Şili, And Dağları ile Pasifik Okyanusu arasında sıkışıp kalmıştır ve coğrafyası ve iklimi karla kaplı dağlardan ve buzullardan çöl manzaralarına, volkanlara ve yemyeşil alanlara kadar değişen, ziyaret edilmesi son derece ilginç bir Güney Amerika ülkesidir.
Bu uzun ve dar toprak şeridinin merkezi, ülkenin en yoğun nüfuslu bölgesi olup, aynı zamanda 5 milyonluk nüfusuyla başkent Santiago de Chile'nin de bulunduğu yerdir.

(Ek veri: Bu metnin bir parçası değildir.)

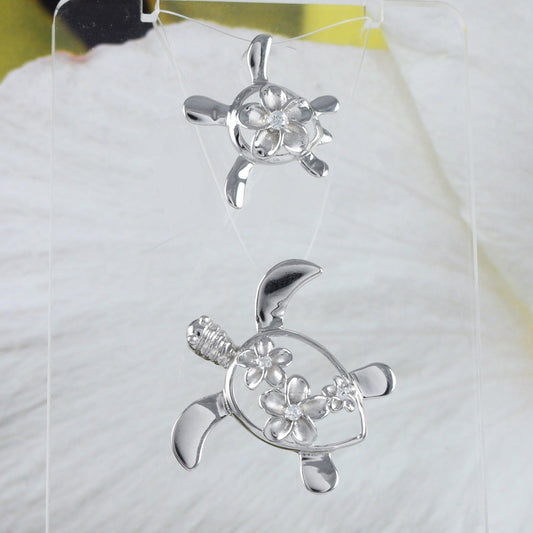 Unique Mother Daughter Matching Hawaiian Sea Turtle Necklace, Sterling Silver Turtle Plumeria CZ Pendant, N7022 Big Little Sister - Hawaii Treasures Shop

Santiago'nun kuzeyinde mineral ve bakır açısından zengin Atacama Çölü bulunur. Çölde, garip çöl manzaraları ve taş ve kum oluşumlarıyla büyük milli park Valle de la Luna'ya yapılacak geziler için iyi bir başlangıç noktası olan şirin küçük bir pueblo olan küçük San Petros kasabası yatıyor. Çağlar boyunca rüzgar ve su tarafından şekillendirilene kadar, bu gezegendeki herhangi bir şeyden daha çok aya (adı) benzemeye başlarlar. “Bu dünyanın dışında” bir deneyim diyebilirsiniz.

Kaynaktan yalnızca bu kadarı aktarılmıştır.